The room was again quiet except for
the rushing water. Heeding its siren call, she turned off her phone, stripped
off her clothes and let the water work its rejuvenating magic.

 

11

 

Lara slept dead to the world,
buried in the heavenly featherbed, when she swore she heard a bird peep.
Directly into her ear. Her eyes blinked open to someone—bending over her!

And peeping!

An explosion of adrenaline blasted
her out of bed. Lara shook as she struggled to maintain her footing and figure
out what the hell was going on.

“Oh! Miss D! I’m so sorry.”
Tiffany’s voice came from the floor on the other side of the bed. Her head
popped into view, a deer-in-headlights look on her face.

“What are you doing here?” Lara
clutched a giant, overstuffed bed pillow to her body like a shield.

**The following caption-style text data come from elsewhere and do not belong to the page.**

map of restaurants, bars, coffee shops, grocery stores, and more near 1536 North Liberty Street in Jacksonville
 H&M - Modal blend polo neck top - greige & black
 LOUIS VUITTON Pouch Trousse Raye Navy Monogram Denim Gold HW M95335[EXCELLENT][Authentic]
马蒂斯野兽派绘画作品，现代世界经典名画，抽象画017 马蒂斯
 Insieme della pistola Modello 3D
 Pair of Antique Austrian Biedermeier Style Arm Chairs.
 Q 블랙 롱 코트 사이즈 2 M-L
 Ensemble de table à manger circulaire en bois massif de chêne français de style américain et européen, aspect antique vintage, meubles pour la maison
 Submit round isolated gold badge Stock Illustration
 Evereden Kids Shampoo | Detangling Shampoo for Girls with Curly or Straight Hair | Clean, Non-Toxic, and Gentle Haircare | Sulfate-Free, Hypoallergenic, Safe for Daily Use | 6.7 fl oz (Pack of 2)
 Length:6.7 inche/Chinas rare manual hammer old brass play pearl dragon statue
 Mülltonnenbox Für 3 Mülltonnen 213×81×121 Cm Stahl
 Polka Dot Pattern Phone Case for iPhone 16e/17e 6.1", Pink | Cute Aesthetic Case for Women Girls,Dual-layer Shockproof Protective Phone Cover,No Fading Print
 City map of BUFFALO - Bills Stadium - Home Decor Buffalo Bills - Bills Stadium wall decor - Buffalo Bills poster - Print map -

Tiffany climbed back to her feet,
clutching her phone to her chest. The candy striper look was gone, replaced
with a hipster vibe that included a day-glo pink romper customized with
hand-painted skulls.

“I did not mean to scare you,” she
said. “Really. I’m really, really,
really
sorry.”

“Okay, apology accepted. Now tell
me why you’re here at—” Lara looked around, but couldn’t see her phone or a
clock. “What time is it?”

“Five-thirty.” Tiffany sounded a
little sheepish, and a little perky
. How is that even possible?

“In the morning?”

“Yes.”


Five
-thirty.”

“Ms. V said she talked to you about
today’s schedule.”

Lara’s arms ached from holding the
pillow so tight. As she put it down, she thanked her lucky stars she had
decided not to sleep in the nude. “I remember talking about the schedule, just
not anything about getting up at five-thirty.”

Tiffany pulled the phone away from
her chest and scanned the screen. “We’re scheduled to take Elway to the Malibu
house for a series of shoots with the other girls, then it’s—”

“Wait.”

Tiffany stopped and looked at Lara
expectantly.

“Two questions.”

“Okay.”

“Actually, it’s more like three
questions, since you never answered my first.”

“Okay.”

“Elway?”

“The Rotation’s helicopter.”

Right. Fast Lane owned four
helicopters, each named after a famed NFL quarterback: Favre,
Montana, Brady and Elway. In his blogs,
Clay referred to trips in them as “air strikes” or “going long.”

“Oh,
Elway
,” Lara said.
“Like the quarterback.”

“Wow—you follow football?”

“Kind of,” Lara lied. “Everyone
knows Elway.”
I think
.

They blinked at each other, Tiffany
wide-eyed and waiting, Lara with sleep still tugging on her lids.